Thanksgiving 2018: Grateful for Backups, Vigilant About Everything Else

Data backup and protection Gratitude and thanksgiving

Three years ago, we published a Thanksgiving post about a ransomware attack that turned into a half-day inconvenience because the practice had good backups. That post exemplifies everything we're grateful for in cybersecurity and everything we're frustrated about.

What We're Grateful For

Backups

A well-maintained backup is the ultimate security measure against ransomware, hardware failure, and accidental deletion. A backup transforms catastrophe into recovery. We're grateful for every practice that tests their backups regularly and keeps them current.

Awareness

Three years ago, asking a practice owner about cybersecurity felt like asking them about underwater basket weaving. Today, it's a standard conversation. WannaCry, NotPetya, and Equifax made it impossible to ignore. People are paying attention.

Progress

Two-factor authentication adoption is up. GDPR passed. Privacy regulation is coming to the US. Security awareness training is becoming standard. We've made real progress.

What We're Vigilant About

Complacency

Awareness is up, but action is inconsistent. Many practices now understand the threats intellectually but still haven't implemented basic defenses. Understanding is not the same as action.

Change Fatigue

We ask practices to implement password managers, enable 2FA, patch regularly, maintain backups, and conduct security training. It's a lot. Some practices get overwhelmed and do nothing instead of doing something.

Supply Chain Risk

As practices increasingly rely on cloud services, vendors, and integrated systems, the attack surface expands. NotPetya showed that a compromised software update can take down an organization. We need to be more vigilant about vendor security.

Cyber Insurance Gap

Many practices still don't have cyber insurance. The coverage is affordable and critical. Yet adoption remains low.

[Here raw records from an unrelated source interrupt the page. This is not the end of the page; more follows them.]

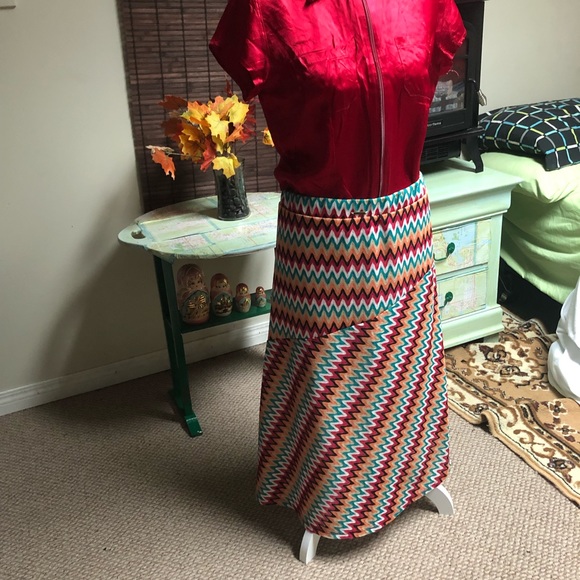 Asymmeyrical skirt - Picture 2 of 3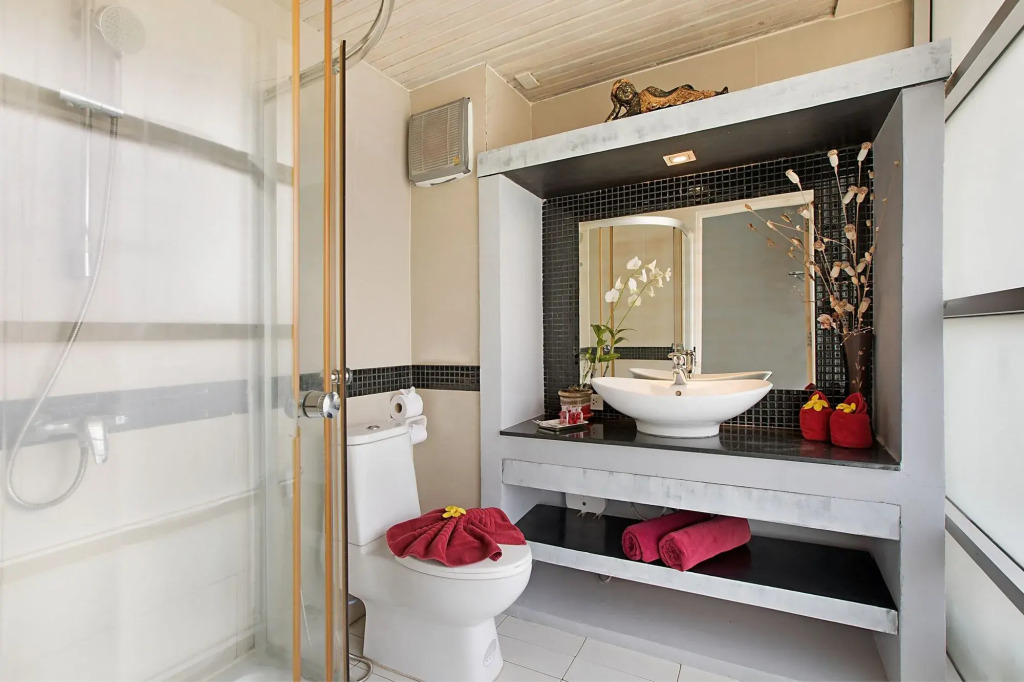 ROZ MARINE Boutique Hotel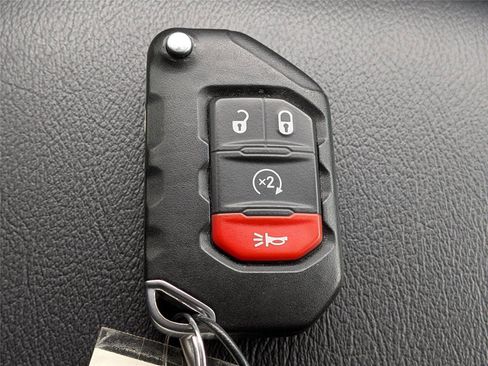 Used 2021 Jeep Wrangler Unlimited Sahara image 29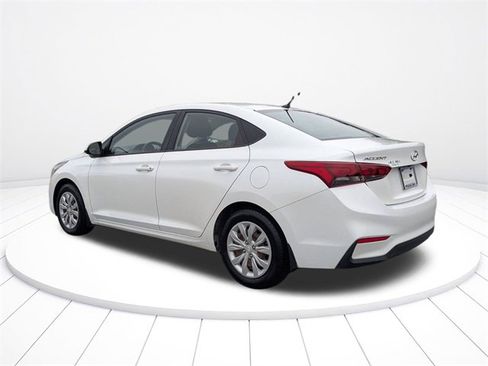 Used 2020 Hyundai Accent SE image 5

The Thanksgiving Challenge

This Thanksgiving weekend, do one thing:

  • Test your backups (take 15 minutes)
  • Enable 2FA on one critical account
  • Review your incident response plan (or create one if you don't have one)
  • Check on cyber insurance quotes
  • Schedule a brief security training for your team

Don't try to fix everything. Pick one. Do it well. Then enjoy your Thanksgiving knowing you've made your practice a little safer.

Happy Thanksgiving from all of us. Be grateful, be vigilant, be safe.